SUDBURY –  Trois ans jour pour jour après la crise financière qui a secoué l’établissement et le milieu postsecondaire du Nord, c’est le statu quo concernant le seul programme de sages-femmes en français en dehors du Québec et le paiement des indemnités aux professeurs licenciés.

En 2021, les programmes de sages-femmes, en français et en anglais, ont fait partie des 76 programmes abolis, parmi lesquels figuraient 28 programmes en français. Aujourd’hui encore, l’incompréhension est totale devant l’absence du seul programme de sages-femmes en français à l’extérieur du Québec qui attirait, notamment, des étudiantes francophones du Nouveau-Brunswick.

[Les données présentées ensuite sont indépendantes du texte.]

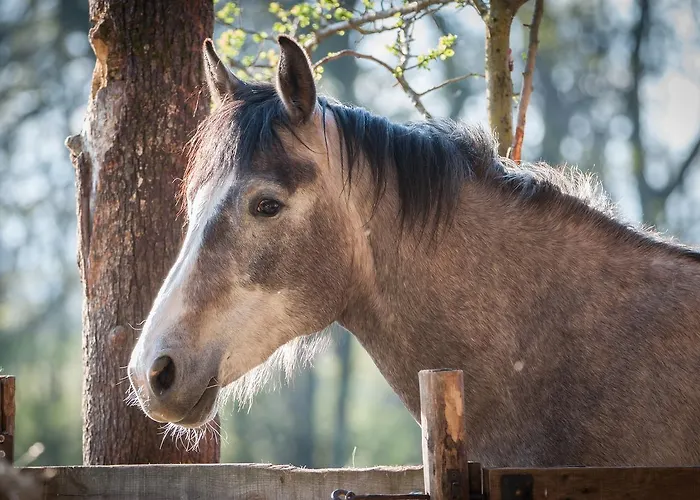 Agriturismo Croara Vecchia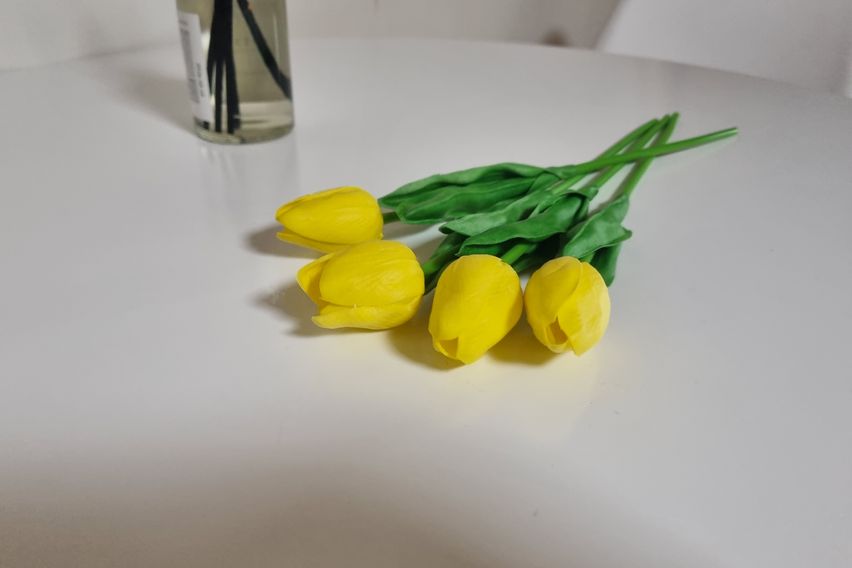 🌳계대룸룸🌸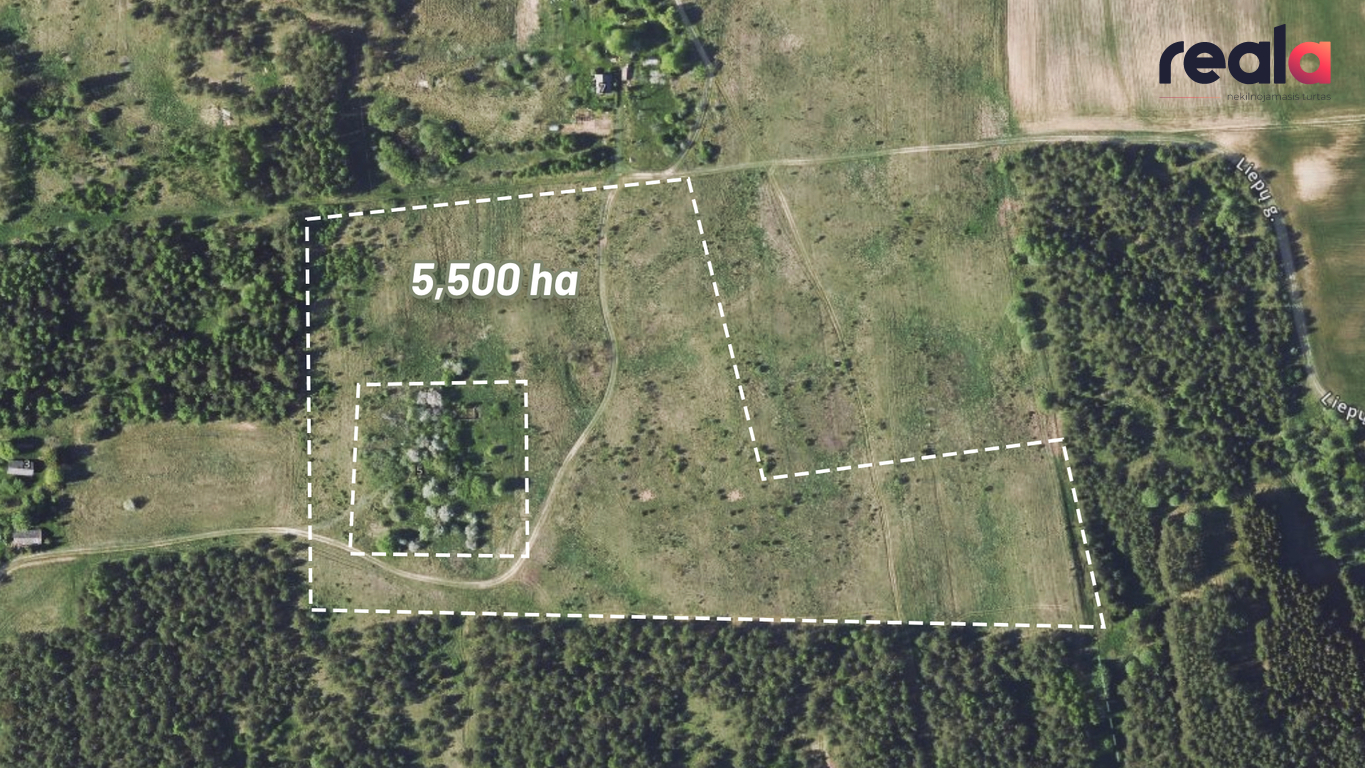 Parduodamas sklypas Pasamavio k., 550 a ploto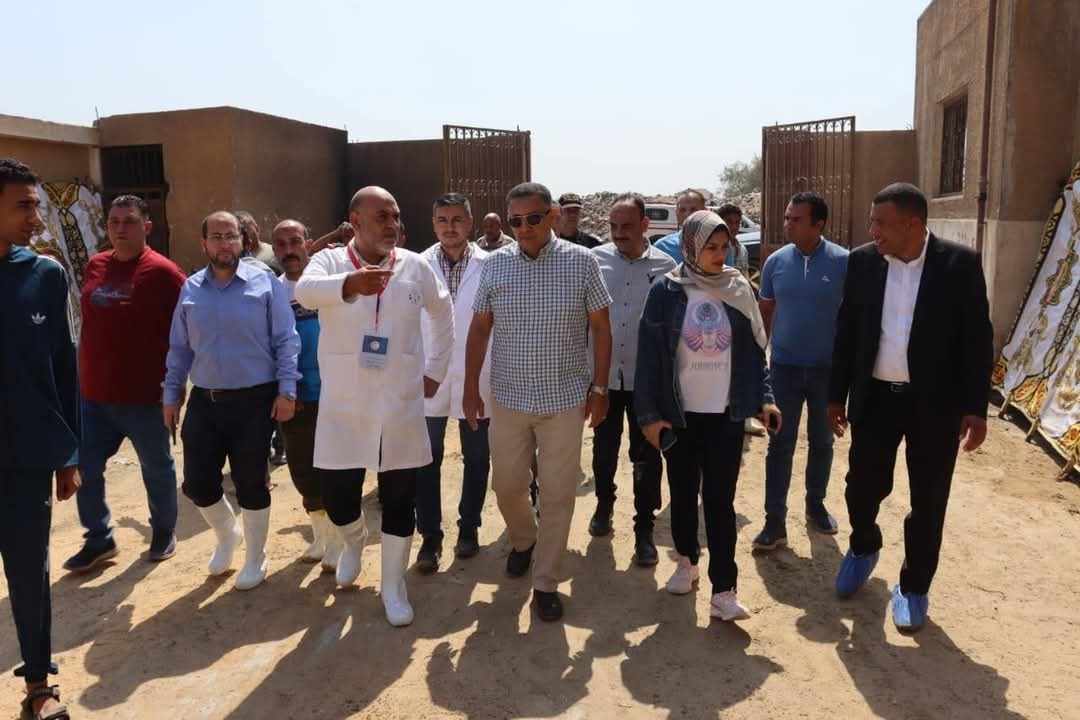 جولات ميدانية لمحافظ القليوبية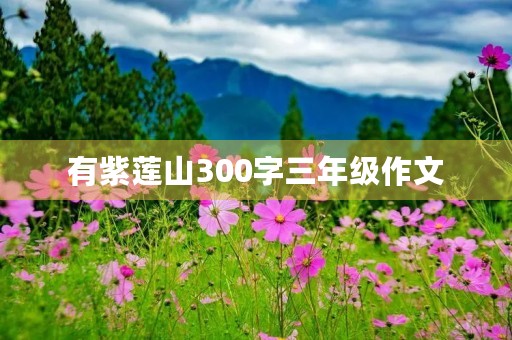 有紫莲山300字三年级作文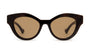 Havana / Brown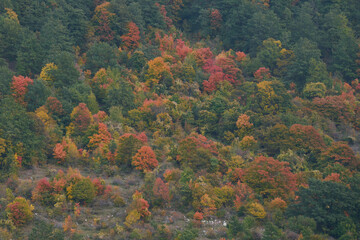 Monte Pellechia in the autumn, Monti Lucretili Natural Regional Park in Italy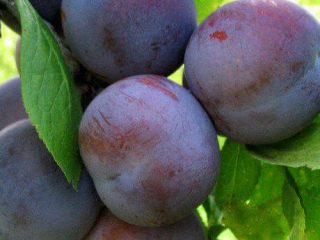 Plum home Etude
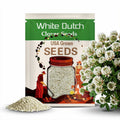 White Dutch Clover Cover Crop Seeds | NON-GMO | Heirloom | Fresh Flower Seeds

« Recruter de nouvelles sages-femmes dans le nord de l’Ontario est quasi impossible »
— France Gélinas

« Personne ne l’explique, tout le monde comprend que ce programme-là doit recommencer dans le Nord de l’Ontario et on a un gouvernement qui fait la sourde oreille », déclare France Gélinas, porte-parole de l’opposition en matière de santé.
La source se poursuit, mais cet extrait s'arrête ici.